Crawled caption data
____________________

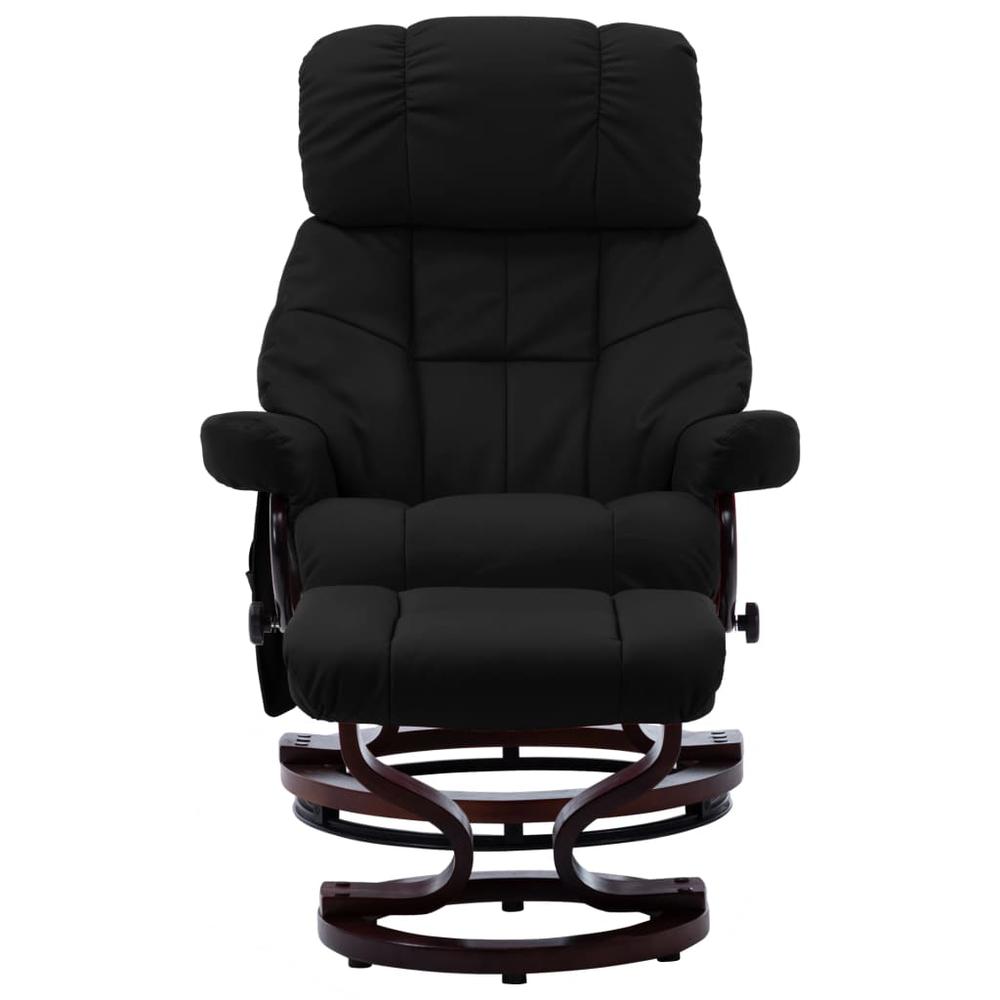 vidaXL Massage Reclining Chair Black Faux Leather and Bentwood. Picture 2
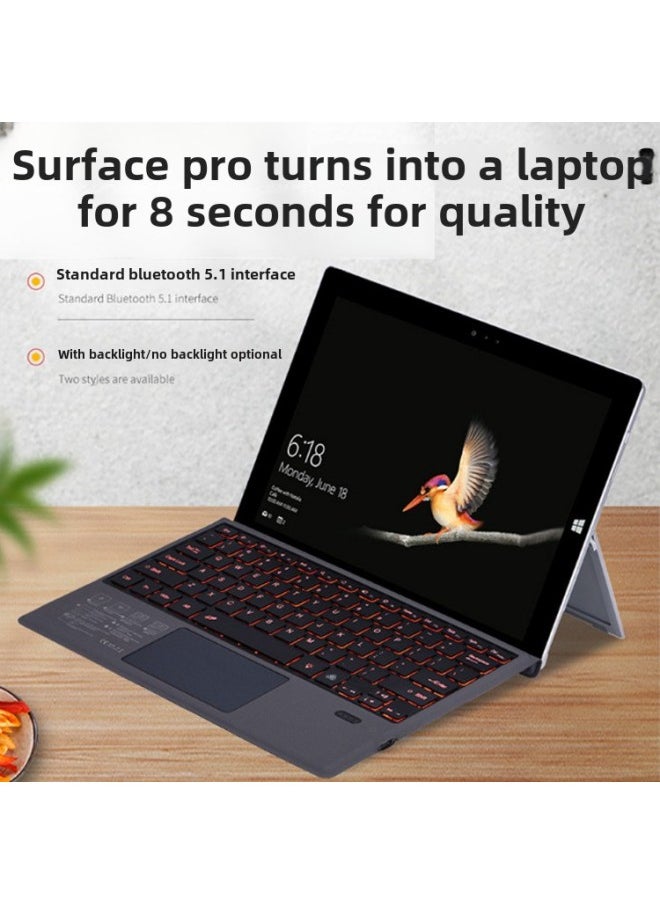 ماركة غير محددة - لوحة مفاتيح Microsoft Surface Pro8 Pro7/3/4/5 مزودة بإضاءة خلفية بلوتوث لاسلكية مغناطيسية GO - اللون: رمادي فاتح - نوع المنتج: Surface Pro 3/4/5/6/7 الجيل الثاني بإضاءة خلفية - Image 1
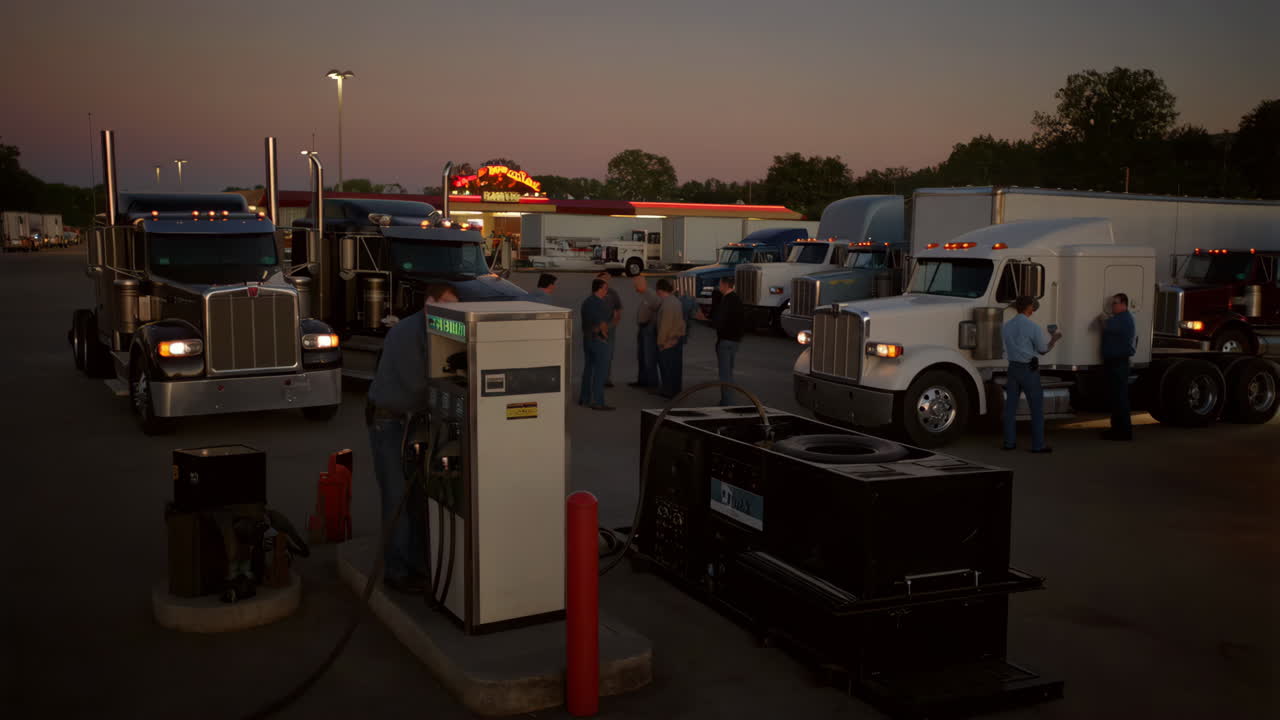 Trucks and drivers at a gas station at dusk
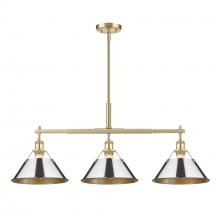 Golden Canada 3306-LP BCB-CH - Orwell BCB 3 Light Linear Pendant in Brushed Champagne Bronze with Chrome shades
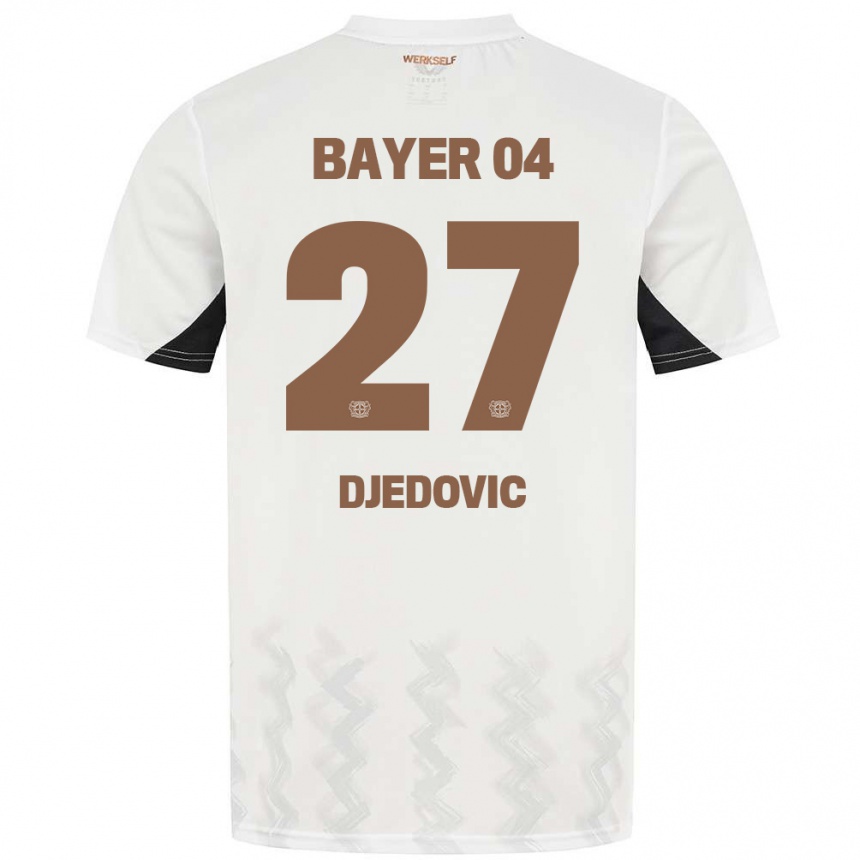 Niño Fútbol Camiseta Seldin Djedovic #27 Blanco Negro 2ª Equipación 2024/25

____________________

• Your assignment: Copy each entry exactly as written. Pictures do not belong in the copy.

• Response:
 vidaXL Massage Reclining Chair Black Faux Leather and Bentwood. Picture 2
 ماركة غير محددة - لوحة مفاتيح Microsoft Surface Pro8 Pro7/3/4/5 مزودة بإضاءة خلفية بلوتوث لاسلكية مغناطيسية GO - اللون: رمادي فاتح - نوع المنتج: Surface Pro 3/4/5/6/7 الجيل الثاني بإضاءة خلفية - Image 1
 Trucks and drivers at a gas station at dusk
 Golden Canada 3306-LP BCB-CH - Orwell BCB 3 Light Linear Pendant in Brushed Champagne Bronze with Chrome shades
 Niño Fútbol Camiseta Seldin Djedovic #27 Blanco Negro 2ª Equipación 2024/25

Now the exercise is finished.